Neyman-Pearson Lemma a quick question about the NP lemma.
So that NP Lemma is tool to find a critical region which minimizes the type $2$ error in hypothesis testing for a fixed size of the test. We usually end up with a critical region of the form $\{ \underline{x}:\overline{x} \geq c\}$ or $\{ \underline{x}:\overline{x} \leq c\}$ where $c$ is some constant related to the size of the test. 
What I am interested in is, is there a quick way to determine the sign in the critical region, i.e. make a sanity check? I expect it to be related to the expectation of the distribution the random variables are from.
For example: Suppose $X_1, . . . , X_n$ is a random sample from $N(µ, σ^2)$ where the variance is known.Find the most powerful test of size α of $H_0 : µ = 0$ against $H_1 : µ = µ_1$, where $µ_1 > 0$.
The critical region will be of the form  $\{ \underline{x}:\overline{x} \geq c\}$ and if we change $H_1$ to $µ_1 < 0$ then the region will be  $\{ \underline{x}:\overline{x} \leq c\}$
Cheers
 A: In an elementary case such as the one you mention, you can let intuition
be your guide.

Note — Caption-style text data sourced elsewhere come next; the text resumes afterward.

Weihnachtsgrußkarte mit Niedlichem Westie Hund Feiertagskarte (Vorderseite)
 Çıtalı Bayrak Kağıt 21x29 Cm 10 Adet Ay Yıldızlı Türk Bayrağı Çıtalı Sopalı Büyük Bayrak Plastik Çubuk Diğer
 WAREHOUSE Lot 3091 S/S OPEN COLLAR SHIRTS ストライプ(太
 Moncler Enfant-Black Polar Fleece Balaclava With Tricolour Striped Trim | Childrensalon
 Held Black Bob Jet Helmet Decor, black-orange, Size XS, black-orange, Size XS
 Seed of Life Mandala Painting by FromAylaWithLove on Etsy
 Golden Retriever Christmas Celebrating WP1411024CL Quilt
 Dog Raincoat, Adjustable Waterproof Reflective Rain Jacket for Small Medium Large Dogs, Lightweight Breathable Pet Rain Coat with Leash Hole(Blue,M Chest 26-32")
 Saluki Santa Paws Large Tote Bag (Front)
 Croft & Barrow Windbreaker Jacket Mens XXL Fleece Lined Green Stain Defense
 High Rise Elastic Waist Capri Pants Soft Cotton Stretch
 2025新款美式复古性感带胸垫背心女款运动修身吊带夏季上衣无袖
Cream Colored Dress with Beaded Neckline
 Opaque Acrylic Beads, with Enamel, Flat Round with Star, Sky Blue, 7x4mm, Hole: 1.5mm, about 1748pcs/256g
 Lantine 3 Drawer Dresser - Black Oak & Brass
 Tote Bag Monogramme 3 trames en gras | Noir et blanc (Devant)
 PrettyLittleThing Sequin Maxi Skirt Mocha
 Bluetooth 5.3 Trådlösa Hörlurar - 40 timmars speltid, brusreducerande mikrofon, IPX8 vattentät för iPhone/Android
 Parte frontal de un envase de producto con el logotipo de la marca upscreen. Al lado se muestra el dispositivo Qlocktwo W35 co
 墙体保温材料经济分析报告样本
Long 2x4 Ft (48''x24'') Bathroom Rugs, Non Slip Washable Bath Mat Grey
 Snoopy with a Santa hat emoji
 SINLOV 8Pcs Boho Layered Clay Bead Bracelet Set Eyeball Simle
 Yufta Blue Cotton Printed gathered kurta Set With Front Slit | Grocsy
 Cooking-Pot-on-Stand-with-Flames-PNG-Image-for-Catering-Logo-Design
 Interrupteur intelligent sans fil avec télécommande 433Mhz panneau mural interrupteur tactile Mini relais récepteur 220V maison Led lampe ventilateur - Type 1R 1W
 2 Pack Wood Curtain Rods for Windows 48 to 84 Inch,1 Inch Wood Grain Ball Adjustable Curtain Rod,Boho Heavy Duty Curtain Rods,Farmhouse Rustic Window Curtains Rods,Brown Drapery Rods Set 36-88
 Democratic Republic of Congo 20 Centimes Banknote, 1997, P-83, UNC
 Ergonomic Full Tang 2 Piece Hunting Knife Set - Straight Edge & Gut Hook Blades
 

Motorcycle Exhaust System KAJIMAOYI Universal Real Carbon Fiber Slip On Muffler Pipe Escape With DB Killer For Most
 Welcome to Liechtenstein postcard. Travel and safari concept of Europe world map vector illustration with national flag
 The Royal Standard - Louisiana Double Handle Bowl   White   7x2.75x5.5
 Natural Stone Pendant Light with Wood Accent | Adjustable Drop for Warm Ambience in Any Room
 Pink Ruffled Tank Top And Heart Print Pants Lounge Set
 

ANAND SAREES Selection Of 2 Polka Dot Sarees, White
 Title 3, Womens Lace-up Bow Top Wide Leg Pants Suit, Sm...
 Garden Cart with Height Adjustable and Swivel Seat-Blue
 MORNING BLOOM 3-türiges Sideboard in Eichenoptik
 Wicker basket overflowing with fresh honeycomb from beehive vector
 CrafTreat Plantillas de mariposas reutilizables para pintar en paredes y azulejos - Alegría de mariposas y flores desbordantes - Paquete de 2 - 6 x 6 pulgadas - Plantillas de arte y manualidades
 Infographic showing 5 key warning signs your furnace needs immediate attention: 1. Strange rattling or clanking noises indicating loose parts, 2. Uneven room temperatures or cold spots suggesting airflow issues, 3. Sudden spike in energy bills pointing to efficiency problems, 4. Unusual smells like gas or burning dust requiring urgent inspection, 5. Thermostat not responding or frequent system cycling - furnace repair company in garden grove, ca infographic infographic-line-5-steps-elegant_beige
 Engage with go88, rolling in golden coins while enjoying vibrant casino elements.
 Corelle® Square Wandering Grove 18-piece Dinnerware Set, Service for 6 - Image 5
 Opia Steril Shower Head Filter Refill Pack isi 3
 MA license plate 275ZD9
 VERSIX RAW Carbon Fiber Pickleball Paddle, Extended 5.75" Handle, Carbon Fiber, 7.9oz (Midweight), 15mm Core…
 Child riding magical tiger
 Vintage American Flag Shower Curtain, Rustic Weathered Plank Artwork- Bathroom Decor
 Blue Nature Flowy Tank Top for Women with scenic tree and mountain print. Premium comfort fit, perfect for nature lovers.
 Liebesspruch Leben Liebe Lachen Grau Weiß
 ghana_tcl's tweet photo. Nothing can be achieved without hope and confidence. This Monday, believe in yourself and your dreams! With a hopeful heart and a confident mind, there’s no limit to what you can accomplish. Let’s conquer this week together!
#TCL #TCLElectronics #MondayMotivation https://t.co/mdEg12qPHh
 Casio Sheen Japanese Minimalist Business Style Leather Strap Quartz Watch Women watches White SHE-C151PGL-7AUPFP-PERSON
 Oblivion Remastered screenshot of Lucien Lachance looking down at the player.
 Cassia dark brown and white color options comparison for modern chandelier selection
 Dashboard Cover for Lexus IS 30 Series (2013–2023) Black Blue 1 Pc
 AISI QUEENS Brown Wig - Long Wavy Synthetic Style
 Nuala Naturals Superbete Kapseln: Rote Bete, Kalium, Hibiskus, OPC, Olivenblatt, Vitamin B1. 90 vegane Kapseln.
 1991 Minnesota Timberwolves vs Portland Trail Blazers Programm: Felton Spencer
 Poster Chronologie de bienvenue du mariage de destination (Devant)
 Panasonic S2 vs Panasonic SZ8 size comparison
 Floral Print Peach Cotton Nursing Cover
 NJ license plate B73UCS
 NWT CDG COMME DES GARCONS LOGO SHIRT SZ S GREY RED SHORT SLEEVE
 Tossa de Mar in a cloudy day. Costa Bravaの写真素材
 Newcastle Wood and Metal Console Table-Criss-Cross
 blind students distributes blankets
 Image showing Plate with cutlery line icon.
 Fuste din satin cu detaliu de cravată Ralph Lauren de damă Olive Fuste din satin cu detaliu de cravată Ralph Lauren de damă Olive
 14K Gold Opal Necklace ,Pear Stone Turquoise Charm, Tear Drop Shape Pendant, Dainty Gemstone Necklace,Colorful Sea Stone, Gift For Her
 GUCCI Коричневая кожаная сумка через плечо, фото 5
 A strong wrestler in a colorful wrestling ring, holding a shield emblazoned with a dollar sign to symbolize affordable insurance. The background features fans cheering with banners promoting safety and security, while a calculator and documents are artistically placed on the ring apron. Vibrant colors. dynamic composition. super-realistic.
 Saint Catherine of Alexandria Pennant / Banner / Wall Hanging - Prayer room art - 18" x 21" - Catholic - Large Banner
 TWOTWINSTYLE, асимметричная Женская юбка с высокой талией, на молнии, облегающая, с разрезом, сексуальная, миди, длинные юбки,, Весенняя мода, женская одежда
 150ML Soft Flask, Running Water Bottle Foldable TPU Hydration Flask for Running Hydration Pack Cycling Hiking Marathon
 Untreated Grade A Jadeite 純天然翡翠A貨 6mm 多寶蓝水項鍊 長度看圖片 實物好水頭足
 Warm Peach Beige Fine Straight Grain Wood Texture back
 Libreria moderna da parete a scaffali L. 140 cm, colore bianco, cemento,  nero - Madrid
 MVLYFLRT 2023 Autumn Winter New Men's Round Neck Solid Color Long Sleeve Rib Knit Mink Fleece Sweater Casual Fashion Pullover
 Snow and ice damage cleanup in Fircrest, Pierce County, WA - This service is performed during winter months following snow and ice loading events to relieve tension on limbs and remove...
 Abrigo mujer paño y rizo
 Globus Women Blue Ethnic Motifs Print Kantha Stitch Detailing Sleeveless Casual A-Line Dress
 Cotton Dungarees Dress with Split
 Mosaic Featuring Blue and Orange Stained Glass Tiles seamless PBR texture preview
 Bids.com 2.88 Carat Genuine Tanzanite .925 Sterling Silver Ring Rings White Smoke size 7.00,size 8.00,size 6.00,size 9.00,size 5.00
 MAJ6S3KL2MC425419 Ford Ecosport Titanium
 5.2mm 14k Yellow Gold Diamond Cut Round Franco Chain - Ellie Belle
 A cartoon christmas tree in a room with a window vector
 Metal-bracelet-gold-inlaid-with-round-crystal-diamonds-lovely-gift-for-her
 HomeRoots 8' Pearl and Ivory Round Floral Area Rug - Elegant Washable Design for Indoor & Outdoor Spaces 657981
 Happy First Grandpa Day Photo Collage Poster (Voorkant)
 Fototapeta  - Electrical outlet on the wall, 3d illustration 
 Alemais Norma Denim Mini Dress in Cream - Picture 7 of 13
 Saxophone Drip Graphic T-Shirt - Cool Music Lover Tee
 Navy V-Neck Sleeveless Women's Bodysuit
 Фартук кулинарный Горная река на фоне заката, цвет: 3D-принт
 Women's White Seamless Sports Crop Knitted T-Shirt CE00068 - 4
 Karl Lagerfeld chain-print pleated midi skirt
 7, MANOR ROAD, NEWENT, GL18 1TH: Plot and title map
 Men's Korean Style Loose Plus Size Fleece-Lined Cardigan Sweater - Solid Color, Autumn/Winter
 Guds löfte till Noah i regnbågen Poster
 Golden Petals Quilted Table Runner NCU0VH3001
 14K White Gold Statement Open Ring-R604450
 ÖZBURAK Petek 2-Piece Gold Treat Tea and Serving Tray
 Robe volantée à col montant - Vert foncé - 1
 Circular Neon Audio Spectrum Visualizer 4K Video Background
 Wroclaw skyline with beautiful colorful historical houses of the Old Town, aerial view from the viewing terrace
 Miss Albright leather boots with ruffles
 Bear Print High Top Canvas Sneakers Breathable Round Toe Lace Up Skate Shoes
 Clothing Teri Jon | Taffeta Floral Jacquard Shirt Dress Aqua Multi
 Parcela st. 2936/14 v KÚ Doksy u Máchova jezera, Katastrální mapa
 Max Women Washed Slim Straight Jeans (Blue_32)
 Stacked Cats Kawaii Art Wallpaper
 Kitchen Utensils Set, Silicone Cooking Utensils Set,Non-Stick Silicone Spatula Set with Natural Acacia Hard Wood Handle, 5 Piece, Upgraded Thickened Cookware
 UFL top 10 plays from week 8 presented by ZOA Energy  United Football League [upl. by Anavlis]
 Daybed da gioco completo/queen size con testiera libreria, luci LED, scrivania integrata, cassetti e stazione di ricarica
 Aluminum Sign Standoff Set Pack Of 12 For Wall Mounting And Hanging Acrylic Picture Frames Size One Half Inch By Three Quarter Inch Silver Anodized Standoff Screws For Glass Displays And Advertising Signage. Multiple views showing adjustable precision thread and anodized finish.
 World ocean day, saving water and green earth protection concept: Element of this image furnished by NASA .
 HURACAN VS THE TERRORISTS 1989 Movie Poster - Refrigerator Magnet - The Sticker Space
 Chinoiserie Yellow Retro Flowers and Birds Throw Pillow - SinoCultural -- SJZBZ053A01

You are dealing with data $\mathbf{x}$ from $\mathsf{Norm}(\mu,\sigma)$ with $\mu$ unknown and $\sigma$ known. The sample mean
$\bar x$ gives information about the population mean $\mu.$ 
Therefore, if you are testing
$H_0: \mu = 0$ vs. $H_1: \mu = \mu_1 > 0$, then you would favor $H_1$ (reject)
for values of $\bar x$ sufficiently far above $0.$ This means that the critical
region is $\{\mathbf{x}: \bar x > c\}$ (and you will have critical
value $c > 0$).
Notes: (a) The reason I specified an elementary case is that you have
to be careful to work through the logic of the N-P Lemma--especially in more advanced situations. For example, suppose
data are from $\mathsf{Exp}(rate = \lambda),$ and you are testing
$H_0: \lambda = 1$ vs. $H_1: \lambda = \lambda_1 > 1.$ Then the sample mean $\bar x$ gives you information about the population mean $\mu = 1/\lambda.$ Then you 
would reject for small values of $\bar x$ because small $\mu$ implies large
$\lambda.$ 
(b) I hope you noticed that I changed Neumann to Neyman in the title of
your question. I am old enough to remember lectures by Jerzy Neyman.
A famous mathematician and early user of computers for simulation in physics and probability was John von Neumann. If you are interested in the history of the mathematical sciences
you might want to google both names.